» **DATA SUPPLIED**
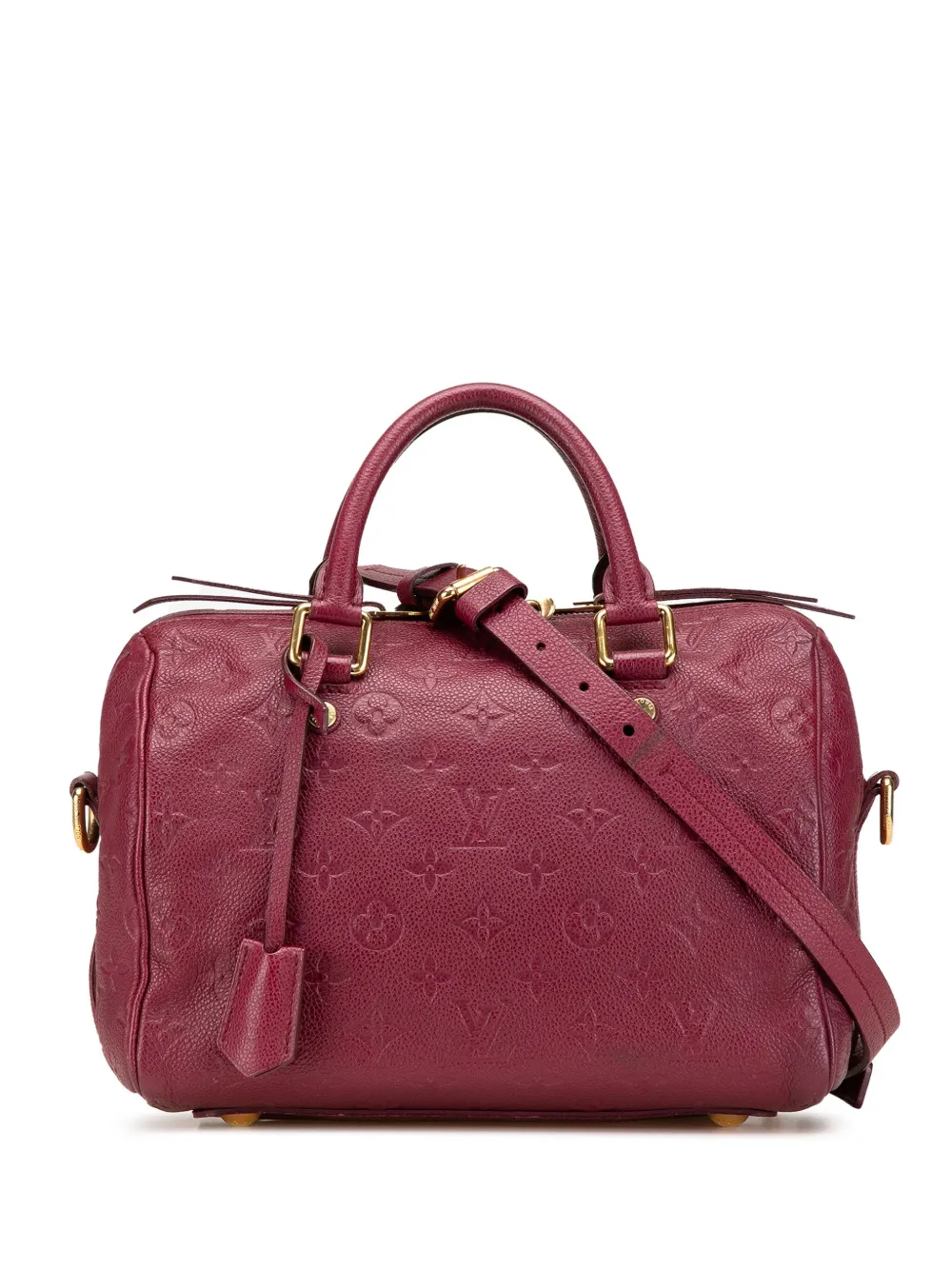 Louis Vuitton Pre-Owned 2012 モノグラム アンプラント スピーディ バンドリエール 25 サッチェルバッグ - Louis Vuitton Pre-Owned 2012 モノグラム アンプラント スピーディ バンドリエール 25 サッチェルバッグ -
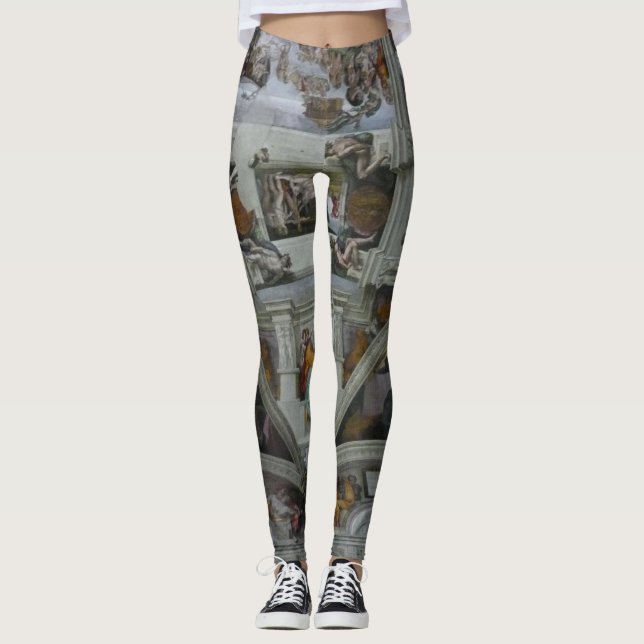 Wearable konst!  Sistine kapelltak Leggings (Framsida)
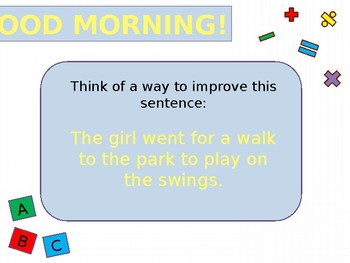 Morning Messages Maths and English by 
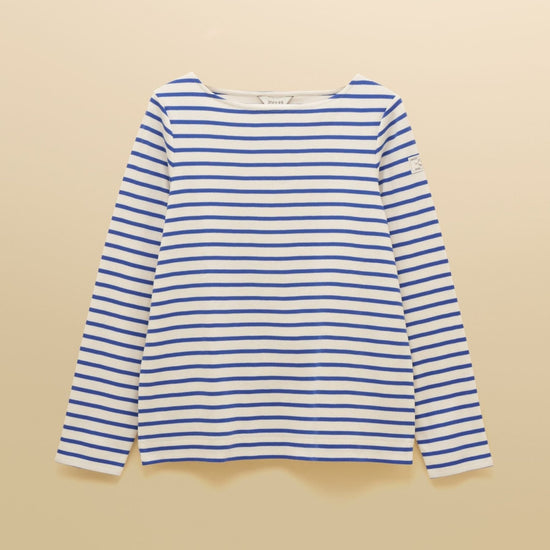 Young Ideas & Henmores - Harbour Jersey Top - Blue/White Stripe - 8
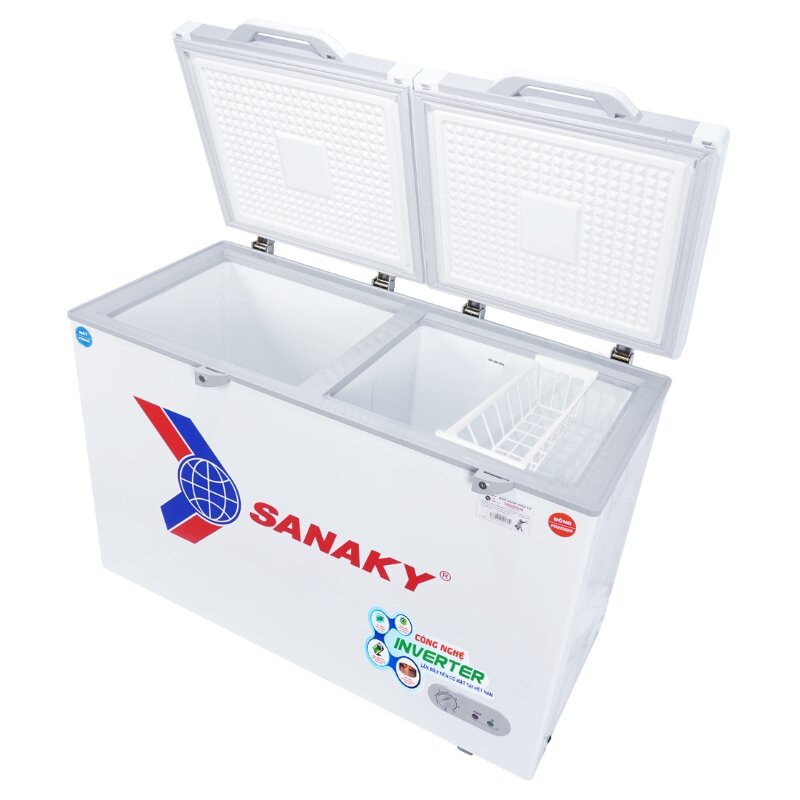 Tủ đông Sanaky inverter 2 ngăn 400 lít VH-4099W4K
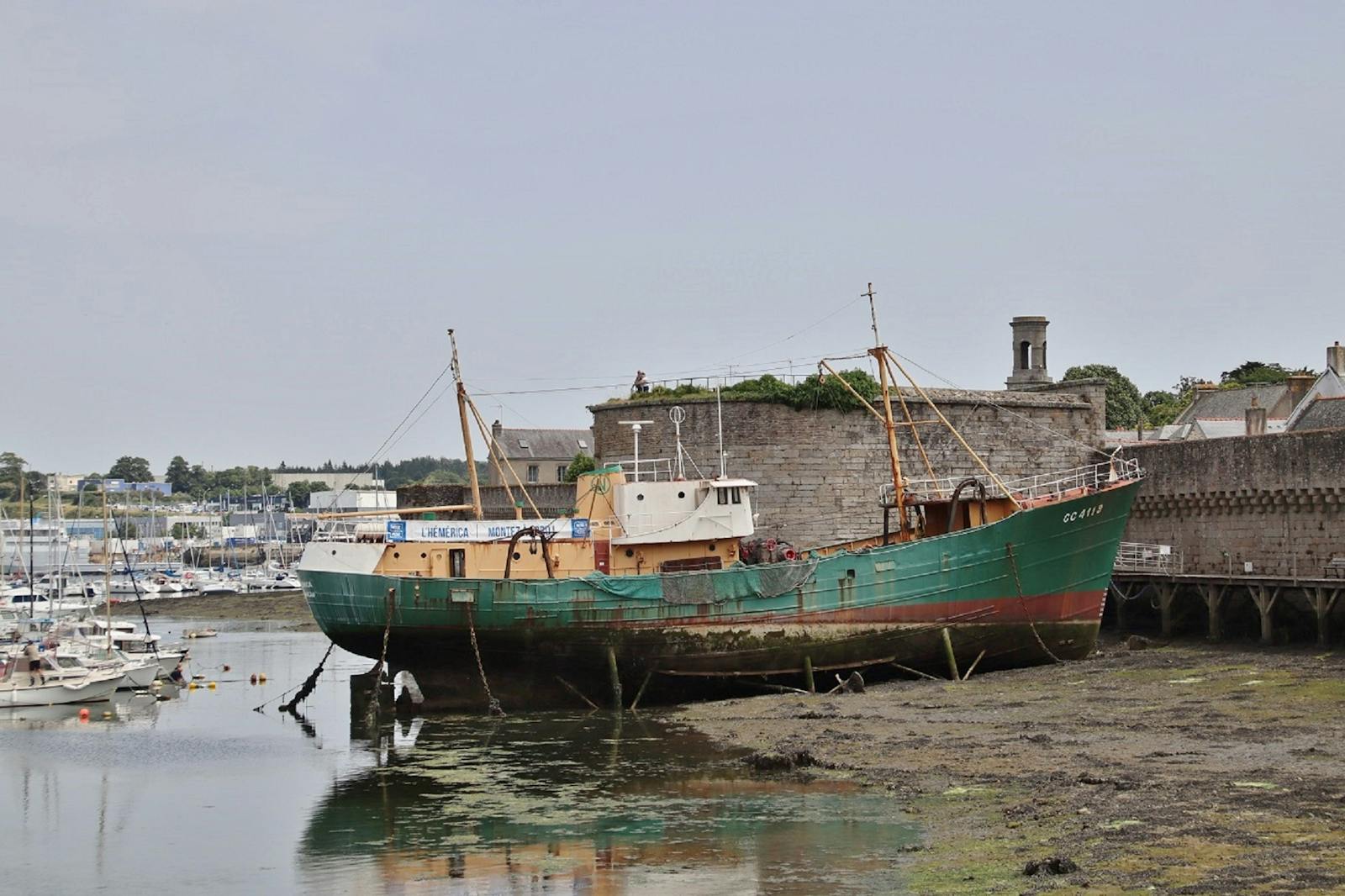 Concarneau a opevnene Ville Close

--

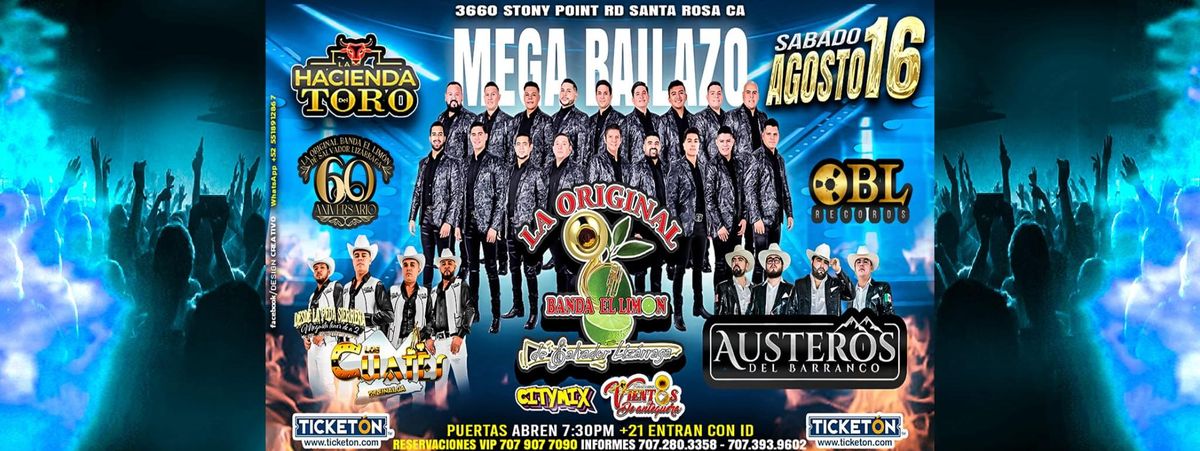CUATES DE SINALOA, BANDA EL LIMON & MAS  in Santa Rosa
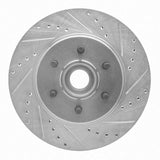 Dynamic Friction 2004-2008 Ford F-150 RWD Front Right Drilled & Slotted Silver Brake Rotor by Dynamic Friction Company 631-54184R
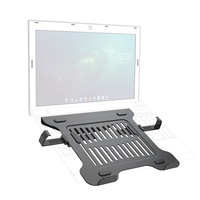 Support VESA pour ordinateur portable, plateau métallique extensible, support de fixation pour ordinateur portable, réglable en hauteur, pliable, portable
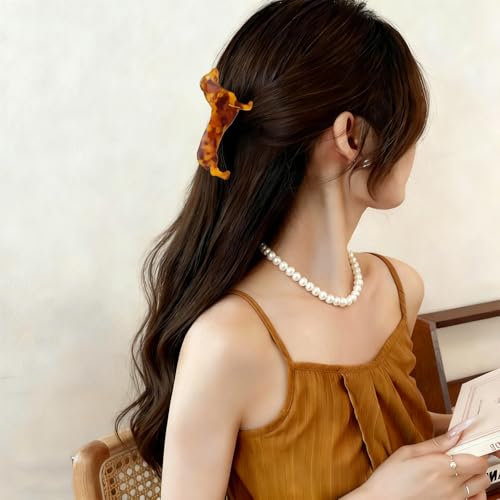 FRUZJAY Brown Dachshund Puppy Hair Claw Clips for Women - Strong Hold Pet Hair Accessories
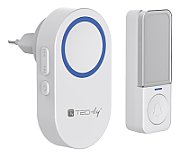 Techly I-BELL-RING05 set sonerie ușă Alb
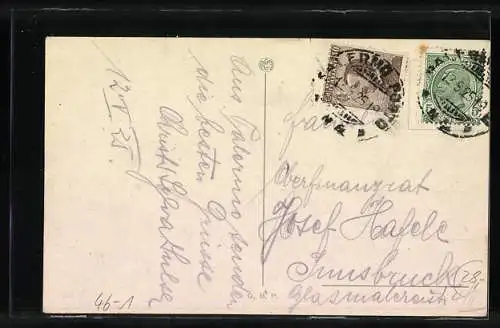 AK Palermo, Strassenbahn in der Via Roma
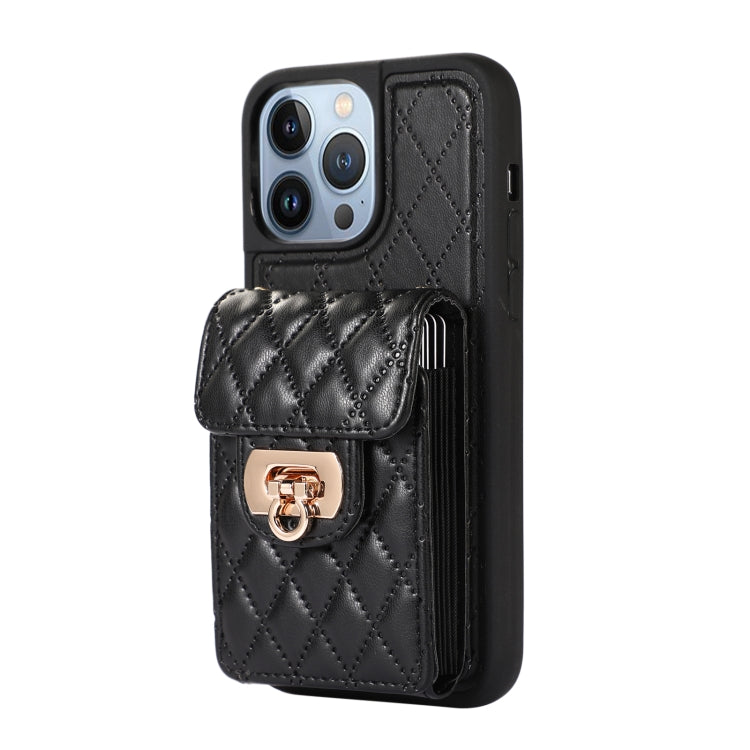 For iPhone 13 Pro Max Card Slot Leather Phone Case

---

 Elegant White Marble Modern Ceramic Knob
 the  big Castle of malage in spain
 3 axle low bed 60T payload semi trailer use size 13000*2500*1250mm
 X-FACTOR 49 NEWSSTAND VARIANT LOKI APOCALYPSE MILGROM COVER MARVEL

» **WHAT THE TASK ASKS**
Look above for the line containing "FRUZJAY Brown Dachshund", then copy exactly from it through the line containing "For iPhone 13", keeping both and leaving out pictures. Add nothing else.

» **ANSWER AREA**
 FRUZJAY Brown Dachshund Puppy Hair Claw Clips for Women - Strong Hold Pet Hair Accessories
 Techly I-BELL-RING05 set sonerie ușă Alb
 AK Palermo, Strassenbahn in der Via Roma
 For iPhone 13 Pro Max Card Slot Leather Phone Case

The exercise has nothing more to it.